- **Exercise details**:
Each line below is to be repeated exactly; any picture is to be left out.

- **Information supplied**:
┏━━

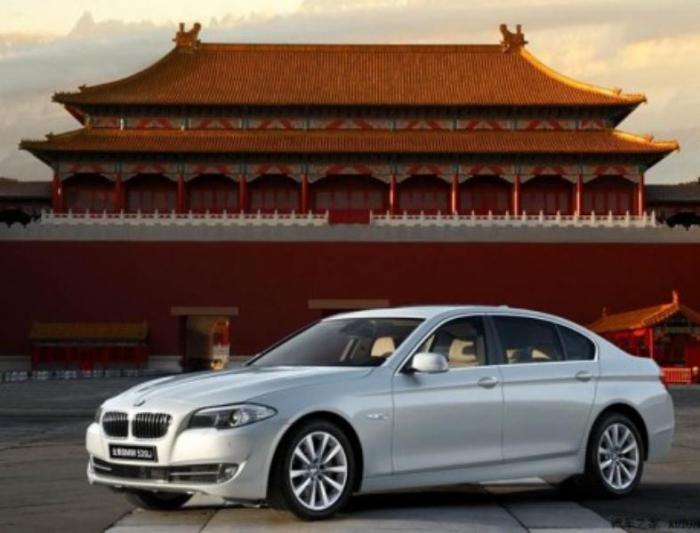 Marke chinesischen Automobilindustrie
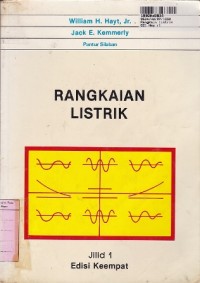 Image of Rangkaian Listrik [Jilid 1]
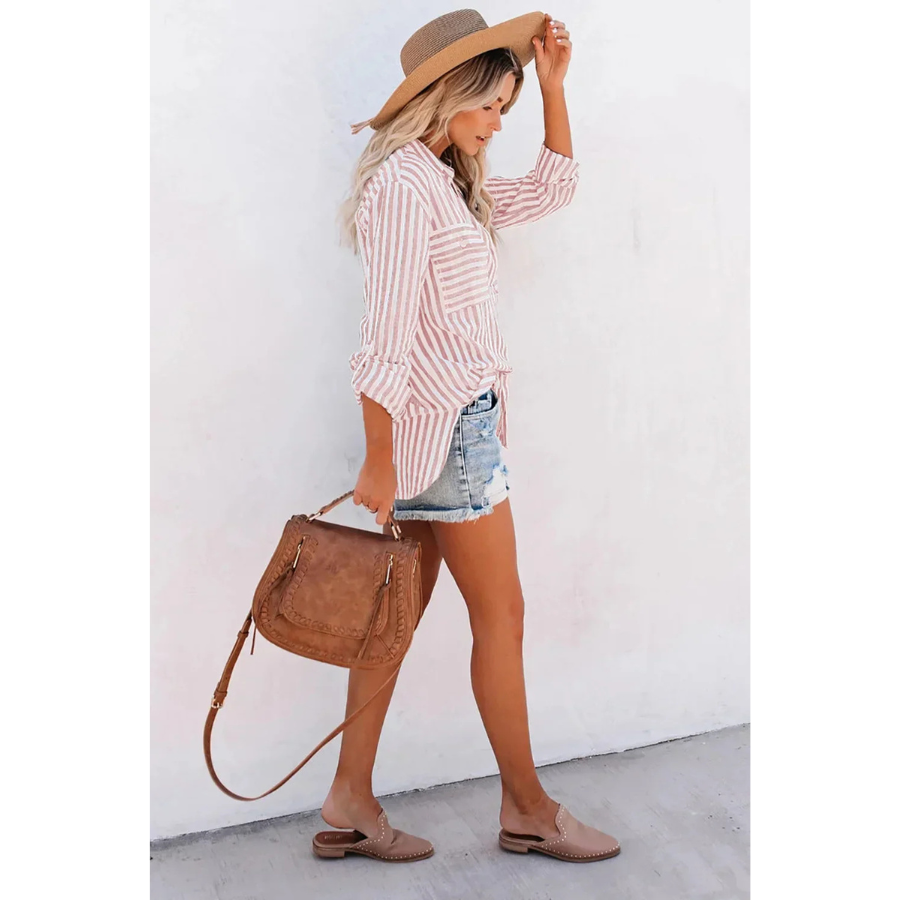 Polished Shirt with an Effortless Classic Look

┗━━

- **Answer for this exercise**:
 Marke chinesischen Automobilindustrie
 Image of Rangkaian Listrik [Jilid 1]
 Polished Shirt with an Effortless Classic Look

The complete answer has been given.